Foundation models not included: SAM-based medical segmentation methods such as SAM-Med2D and MedSAM are not included in the comparison.
OOD generalization not assessed: All evaluations are in-domain; robustness to out-of-distribution data — critical for clinical deployment — is not examined.

vs. nnU-Net: nnU-Net achieves strong performance through an adaptive framework rather than fixed architectural design, which aligns with this paper's finding that training strategy matters more than architecture. However, nnU-Net is not directly compared in this study.
vs. SAM/MedSAM: The SAM family represents an alternative paradigm — foundation model with prompting for medical segmentation. This paper focuses on the standard fine-tuning regime; the zero-shot/few-shot capabilities of SAM-based methods are a complementary research direction.
vs.

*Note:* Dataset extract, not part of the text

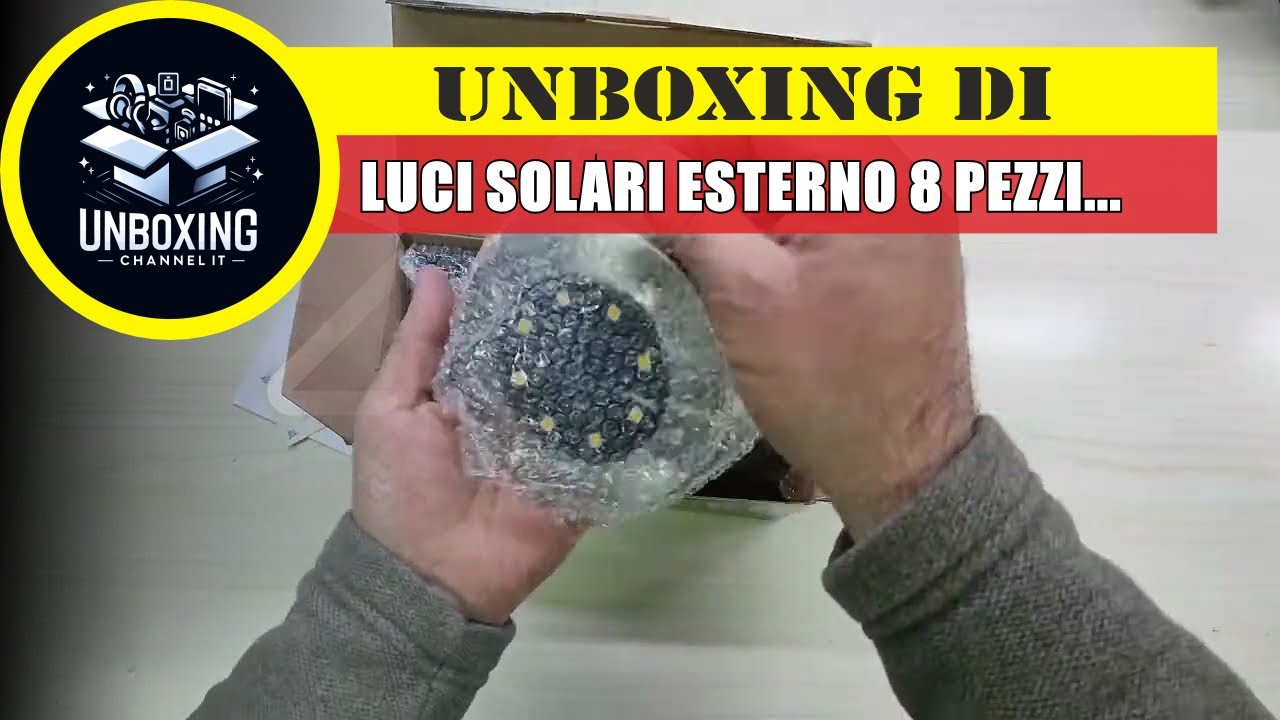 Luci Solari Esterno 8 Pezzi, gabless Lampade solari da giardino, luce sola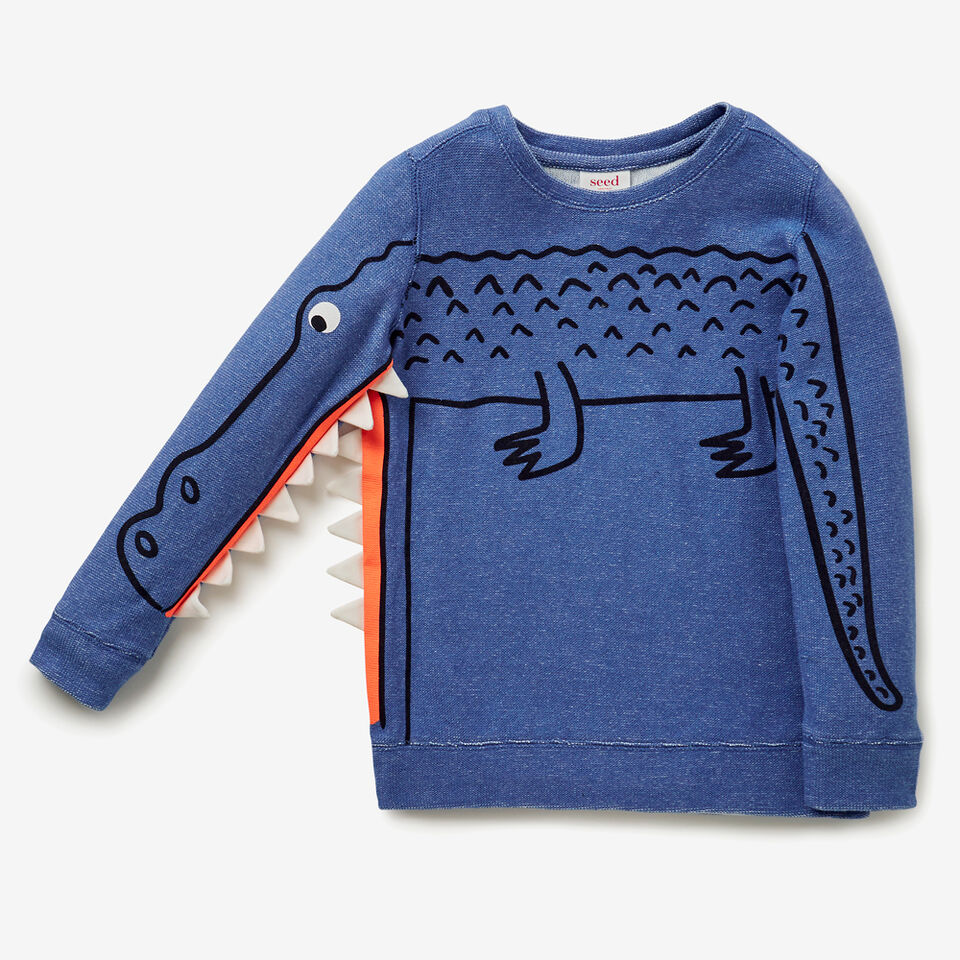 Novelty Sleeve Sweater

TransUNet/SwinUNet: These early Transformer+U-Net hybrid architectures aimed to introduce global attention, but MISSFormer (a pure Transformer SMA) performs modestly (87.9%) in this study, suggesting that the Transformer architecture per se is not the decisive factor — pretraining quality and scale are.

Rating¶

Novelty: ⭐⭐⭐ — No new method is proposed; however, the study surfaces an important finding long overlooked by the community.
Experimental Thoroughness: ⭐⭐⭐⭐ — 11 models × 3 datasets × 5-fold CV is rigorously designed, though 3D and OOD evaluations are absent.
Writing Quality: ⭐⭐⭐⭐ — Research questions are clearly stated, experimental design is rigorous, and limitations are objectively acknowledged.
Value: ⭐⭐⭐⭐ — Provides direct guidance for model selection strategies and resource allocation in medical segmentation.